Panamá es un país que siempre ha sido lugar de tránsito en diferentes momentos, pero en esta ocasión quiero hablar de un tránsito desastroso, como el de las drogas.

Muchas drogas pasan por nuestro país, de países de América del Sur, especialmente Colombia. Existe una gran preocupación porque a las costas de nuestros países están llegando grandes cantidades de droga para Estados Unidos y Europa. Lamentablemente, muchas de estas drogas permanecen en nuestro país, afectando principalmente a nuestros jóvenes.

A diario se ven imágenes de las ingentes cantidades de cocaína que capturan, en el trabajo incansable que realiza Senafront. La pregunta es: ¿cuánta droga queda en nuestro país?

Por ejemplo está, muy lamentablemente, el caso del cantante Héctor Lavoe. Su verdadero nombre era Héctor Juan Pérez Martínez. Un publicista, cuando inició su carrera profesional, pensó que ese nombre era muy inapropiado y le dio el de Héctor Lavoe, a quien gustaba mucho el joven músico. Héctor Lavoe nació en Ponce, Puerto Rico, el 30 de septiembre de 1946, y murió, a los 46 años, cuando estaba en la cúspide de su popularidad. Varios años antes de su muerte, formó parte de «Fania All Star». Fue entonces cuando logró su mayor éxito, lo que lo convirtió en un cantante muy popular en todo el hemisferio. Visitó República Dominicana, Colombia, Perú, Venezuela, varios países de Sudamérica, Panamá y Nueva York, entre otras ciudades.

Su adicción a la cocaína afectó mucho su salud, contrajo muchas enfermedades, incluido el SIDA, e incluso lo llevó a un suicidio fallido. Se dio cuenta de que era víctima de las drogas y en repetidas ocasiones intentó salir de él, yendo a varios sanatorios. Los médicos no podían hacer nada por él. Salió del sanatorio y recayó en drogas, principalmente cocaína.

Su mal estado le había llevado a llegar muy tarde a los conciertos y en ocasiones incluso a no asistir. Los promotores se disculparon y rápidamente buscaron un reemplazo.

En una ocasión, Rubén Blades le preparó una canción que tuvo mucho éxito.

En 1986, la Cervecería Nacional promovió que la trajeran a Panamá para actuar y cantar en un «toldo», lo cual era muy común en estos carnavales. Lavoe fue un gran éxito y llenó por completo el lugar donde actuaba.

Ya en esos años, fui completamente víctima de las drogas.

La Cervecera Nacional ha confiado a uno de sus máximos responsables, Félix Luciani, el cuidado de Lavoe y el cumplimiento de sus compromisos musicales. Fue una tarea ingrata y desagradable para Luciani.

Lavoe siempre lo hacía esperar mientras se «arreglaba», es decir, se inyectaba una fuerte dosis de cocaína que siempre llevaba consigo. El público nunca ha conocido sus intimidades; que era esclavo de su vicio. Era un hombre completamente destruido. Además del gran éxito que tuvo en La Fania, había amasado una gran fortuna, de la cual uno de sus agentes extravió su dinero o se lo apropió.
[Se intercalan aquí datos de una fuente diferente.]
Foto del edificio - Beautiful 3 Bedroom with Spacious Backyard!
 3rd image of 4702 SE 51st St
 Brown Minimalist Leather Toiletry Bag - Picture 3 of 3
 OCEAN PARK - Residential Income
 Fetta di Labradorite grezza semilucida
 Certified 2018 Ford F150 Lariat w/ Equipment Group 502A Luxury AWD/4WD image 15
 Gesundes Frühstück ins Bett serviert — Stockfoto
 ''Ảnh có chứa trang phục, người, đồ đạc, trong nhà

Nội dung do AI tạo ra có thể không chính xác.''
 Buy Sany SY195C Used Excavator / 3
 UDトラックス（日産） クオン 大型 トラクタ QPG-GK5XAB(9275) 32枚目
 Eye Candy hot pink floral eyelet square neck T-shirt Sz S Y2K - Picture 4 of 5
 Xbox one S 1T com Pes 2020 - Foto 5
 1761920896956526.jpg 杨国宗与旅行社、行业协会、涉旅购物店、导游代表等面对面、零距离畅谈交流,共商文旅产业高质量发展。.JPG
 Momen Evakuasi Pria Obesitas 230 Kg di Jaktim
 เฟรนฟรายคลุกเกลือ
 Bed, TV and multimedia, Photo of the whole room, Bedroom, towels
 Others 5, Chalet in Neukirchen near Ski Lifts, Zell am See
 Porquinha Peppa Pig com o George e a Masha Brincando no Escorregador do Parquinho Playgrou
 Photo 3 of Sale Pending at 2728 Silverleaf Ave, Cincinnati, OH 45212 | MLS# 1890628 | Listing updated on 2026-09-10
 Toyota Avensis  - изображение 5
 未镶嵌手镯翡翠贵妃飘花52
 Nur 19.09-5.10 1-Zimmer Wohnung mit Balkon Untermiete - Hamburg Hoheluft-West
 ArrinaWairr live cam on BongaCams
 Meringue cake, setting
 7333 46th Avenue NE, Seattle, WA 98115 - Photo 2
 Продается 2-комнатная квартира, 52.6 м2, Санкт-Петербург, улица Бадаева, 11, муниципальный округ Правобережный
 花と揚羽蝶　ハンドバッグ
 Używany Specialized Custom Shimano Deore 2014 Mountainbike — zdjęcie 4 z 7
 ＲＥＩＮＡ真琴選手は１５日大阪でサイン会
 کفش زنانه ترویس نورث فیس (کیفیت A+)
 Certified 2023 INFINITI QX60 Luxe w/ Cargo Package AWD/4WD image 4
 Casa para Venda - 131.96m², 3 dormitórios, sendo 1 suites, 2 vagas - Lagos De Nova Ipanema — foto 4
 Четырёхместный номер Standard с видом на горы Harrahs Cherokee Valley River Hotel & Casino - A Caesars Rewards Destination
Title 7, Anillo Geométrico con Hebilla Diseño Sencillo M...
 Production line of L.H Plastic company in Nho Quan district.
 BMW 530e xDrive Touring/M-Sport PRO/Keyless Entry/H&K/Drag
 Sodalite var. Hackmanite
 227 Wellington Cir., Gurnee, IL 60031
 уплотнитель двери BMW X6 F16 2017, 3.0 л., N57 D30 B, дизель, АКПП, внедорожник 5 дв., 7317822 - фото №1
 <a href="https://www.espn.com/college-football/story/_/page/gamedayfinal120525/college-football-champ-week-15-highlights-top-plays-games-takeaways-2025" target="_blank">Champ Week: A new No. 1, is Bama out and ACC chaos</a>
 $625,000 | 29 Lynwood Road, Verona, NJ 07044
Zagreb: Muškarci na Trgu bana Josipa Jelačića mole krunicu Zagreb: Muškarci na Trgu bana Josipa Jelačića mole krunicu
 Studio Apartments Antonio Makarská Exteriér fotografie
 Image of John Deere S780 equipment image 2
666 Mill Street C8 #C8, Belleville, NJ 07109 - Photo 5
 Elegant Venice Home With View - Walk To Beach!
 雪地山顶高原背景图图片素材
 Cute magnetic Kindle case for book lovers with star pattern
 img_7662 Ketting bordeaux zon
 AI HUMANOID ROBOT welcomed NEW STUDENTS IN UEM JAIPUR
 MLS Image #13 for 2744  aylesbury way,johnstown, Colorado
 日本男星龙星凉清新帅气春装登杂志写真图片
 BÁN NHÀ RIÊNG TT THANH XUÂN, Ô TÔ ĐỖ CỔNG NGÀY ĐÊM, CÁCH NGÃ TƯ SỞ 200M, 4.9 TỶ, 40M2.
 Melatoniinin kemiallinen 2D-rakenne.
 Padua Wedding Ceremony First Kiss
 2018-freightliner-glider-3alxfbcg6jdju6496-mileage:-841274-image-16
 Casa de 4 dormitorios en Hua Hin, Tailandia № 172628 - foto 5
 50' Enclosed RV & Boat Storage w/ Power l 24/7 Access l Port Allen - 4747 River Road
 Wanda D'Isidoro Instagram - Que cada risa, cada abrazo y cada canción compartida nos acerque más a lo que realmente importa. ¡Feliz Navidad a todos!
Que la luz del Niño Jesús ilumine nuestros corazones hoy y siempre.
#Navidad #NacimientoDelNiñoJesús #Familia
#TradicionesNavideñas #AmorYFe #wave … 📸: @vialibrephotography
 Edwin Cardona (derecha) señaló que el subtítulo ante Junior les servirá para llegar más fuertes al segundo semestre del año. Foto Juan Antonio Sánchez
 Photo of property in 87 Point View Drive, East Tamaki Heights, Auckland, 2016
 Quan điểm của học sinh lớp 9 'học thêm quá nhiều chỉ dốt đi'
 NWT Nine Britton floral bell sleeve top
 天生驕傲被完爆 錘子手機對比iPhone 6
Cuando murió en Nueva York, en un sanatorio, estaba totalmente arruinado. Era un hombre pobre, sin un centavo. Tenía sólo el cariño y el cariño de los fieles a su canto y a su persona.

Este ejemplo de la vida miserable que tuvo Héctor Lavoe, debe ser tomado en cuenta por quienes hoy toman la terrible decisión de consumir cocaína o cualquier otra droga, el final será el mismo que el de Héctor Lavoe: muerte prematura.